One senior-dev (team-lead also) tried to explain to me that AI is a subfield of machine-learning, and always stochastic in nature (since ChatGPT responds differently to the same prompt).
We/they are selling tailor-made "AI-products" to other businesses, but apparently we don't know how sampling works...? Also, no one could tell me where exactly our "self-hosted" models even ran (turns out 50% of the time its just OpenAI/Anthropic), or what OCR-model our product was using.
Am I just too junior/naive to get this or am I cooked?
illwrks•3h ago
I came to the same observations; lots of experts not much expertise.
I think my wider team are on par with their ability and understanding so we now can sift through the BS a bit easier.
Nod, smile, accept that no one has a clear understanding.
illwrks•3h ago
PaulHoule•3h ago
If you want to know why Hacker News is full of people disappointed or skeptical with AI ask yourself why they put 99.9% of their effort into “zero-shot” when it is clear as day that if you get a few thousand examples and train in that you wipe the floor with “zero-shot”
randomgermanguy•3h ago
illwrks•2h ago
I can tell you how a house is built, that doesn’t make me a builder that makes me informed and opinionated. I can decorate my house however I like but im not a painter/decorator or a tradesman. I can assemble some ikea furniture, but I’m not a carpenter. I’m a consumer and I can tweak something to my liking but I can’t do anything significant.
assemblyman•1h ago
One can argue that a lot of "building with AI" is commoditized by fine-tuning and RAG libraries or even reduced to prompt engineering. A lot of it is also tricks that might work on one dataset but not others. Putting together libraries fueled by pizza and coke gives an illusion of skill and speed.

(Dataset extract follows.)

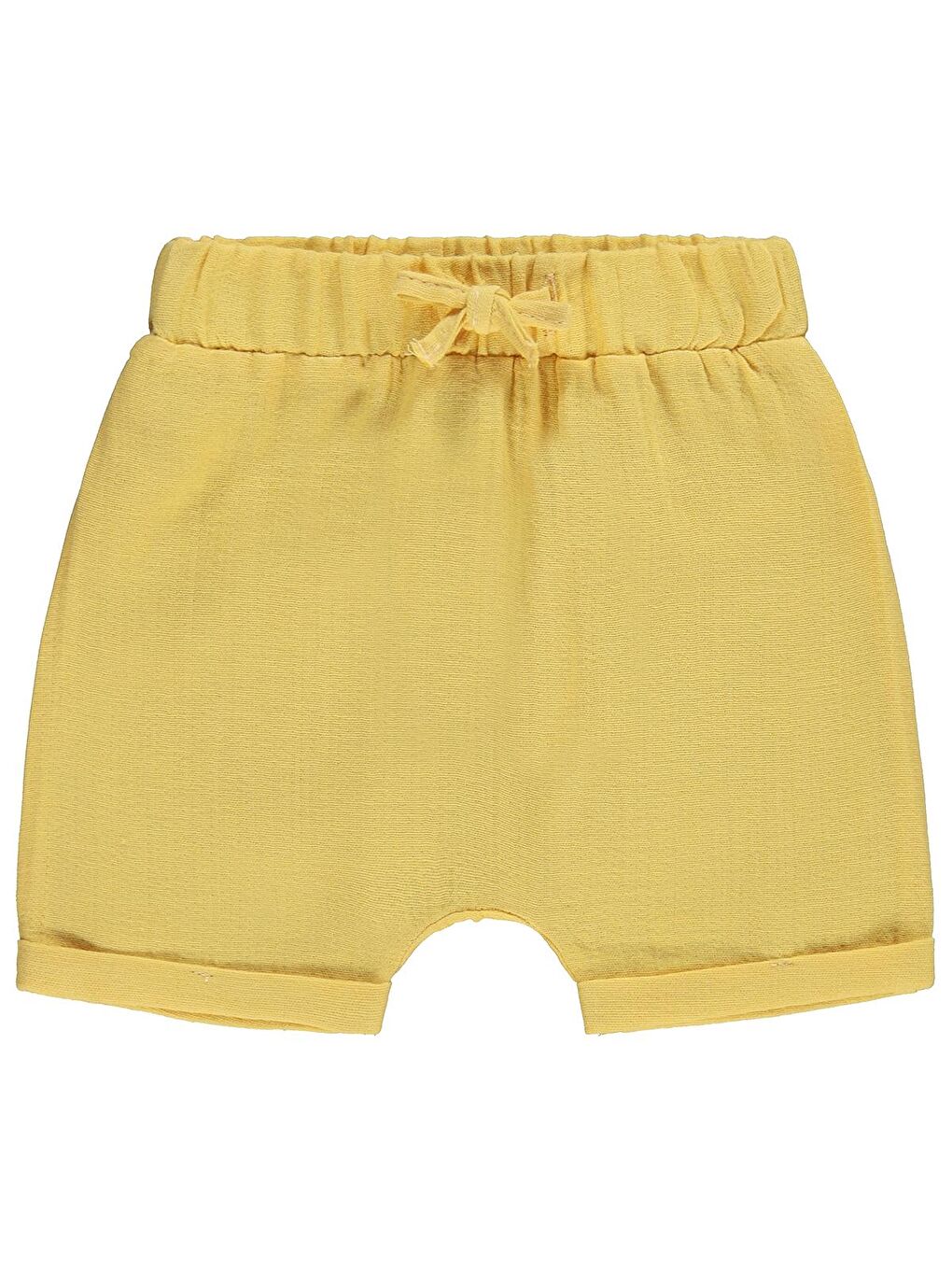 Kahverengi Baby Müslin 6-18 Ay Şort - Hardal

Are there grifters who are jumping onto the AI bandwagon? Of course! In spades. Are there also engineers who want to build up their skills and are failing to do so or in the process of doing so? Of course, this happens too! But there are also people who are trying to understand, debug and improve models who are not necessarily "building". After all, the scaling laws paper (the original one) was a result of pure analysis of empirical data.
randomgermanguy•3h ago
illwrks•2h ago
Agencies are like a production line, they need raw materials coming in; clients with cash, armed with opportunities, scraps of ideas or formed briefs to be worked on. They need this business so they can generate the output and keep the lights on.
AI is everywhere and everything for a lot of people now. You can be sure that Exec’s are asking their teams how are we using AI, how is it helping the business grow etc. However there’s so much AI news, it’s moving so quick and seeping into everything that difficult (from a naïeve client point of view) to know what’s fantasy and what’s reality.
So my perception is… agencies do the sifting and maintain visibility of what is real or not because they have to start drumming up future sales and business, and AI is hot right now.
Perhaps they have some training in CoPilot etc, or with some experience of creating a model, maybe they have integrated something small with something big. It may even be that being ann angency they have a more open way of working that a corporate does, and that’s the sell.
Anyway, the sales teams will proclaim themselves experts because they have to sell.